In the photo above, I stir-fried quinoa, veggies, beans and 100% grass-fed ground beef as a filling. (I included the discarded collard stems in the filling by chopping up small) But you could use anything. How about something with feta and olives? Or even just plain tunafish (or garbanzofish!) It’s really quite versatile and you have two options for the wrapping technique:

Wrapping technique #1
Shown above on the left
Rinse collard leaf under running water. Slice off stem at the base of the leaf. Following the natural curve of the leaf, roll filling up like a burrito. That’s it!

Wrapping technique #2
Shown above on the right
Rinse leaf and remove stem at base of leaf, as in #1. Bring a large pot of water to boil on the stove. Once boiling, place leaf into water and cook for about 60 seconds. Remove with tongs, careful to avoid ripping. Lay flat on dish and allow to cool. Add filling and start folding with the top edge of the leaf (opposite stem). Next fold in the two sides, like a diaper. The stem side of the leaf can remain unfolded – it’s too thick to bend. This technique stays together better than #1 but of course takes some extra effort.

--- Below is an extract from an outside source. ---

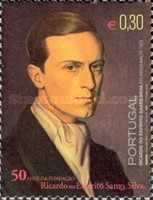 Stamp 2690
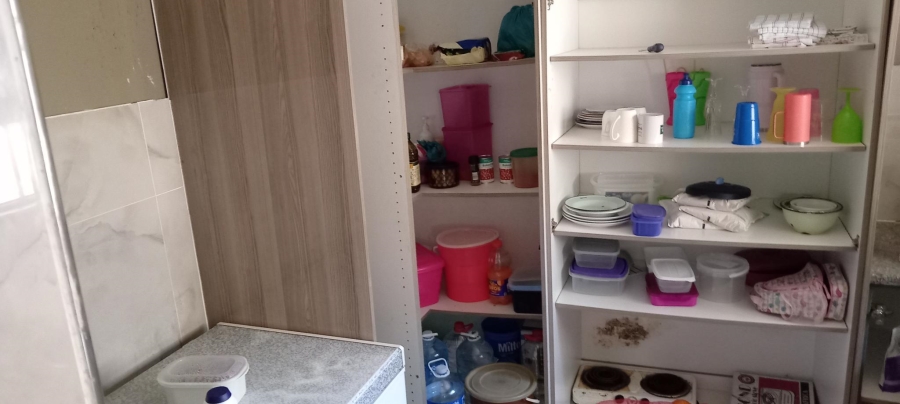 5 Bedroom Property for Sale in Moseley Park KwaZulu-Natal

Now, to address a question that has been coming up a lot lately: Am I a vegetarian or vegan? This is an interesting question – I always wonder why it matters to people so much. I suppose it’s so they can judge immediately whether or not they want to talk to me, or read my blog, or pay attention to what I have to say about health. Whatever it is, it’s become obvious that people really want to know how I label my diet.

This post purposely includes beef to make clear that I am not a strict vegan or vegetarian. However, if you follow this blog you’ll notice that 99% of my recipes do not include meat. There are 3 reason for this:
1. Meat is expensive and I think we all appreciate a cheap meal these days.
2. Meat slows me down, personally. I feel better eating less of it.
3. I suspect most people know all about meat and how to cook it, and if not there are plenty of resources for that. I’m more interested in teaching people something new.

Finally, when I do eat meat I like to buy the best quality stuff I can. This means meat from animals who were treated in a humane, organic fashion.

I do not have a dogma around eating animal products or not, and I suspect this disappoints some people. Instead I am a firm believer that we all need something different to feel our best and should rely on our intuition and bodies’ feedback to learn what that is.

But EVERYONE can use more leafy greens. So wrap it up!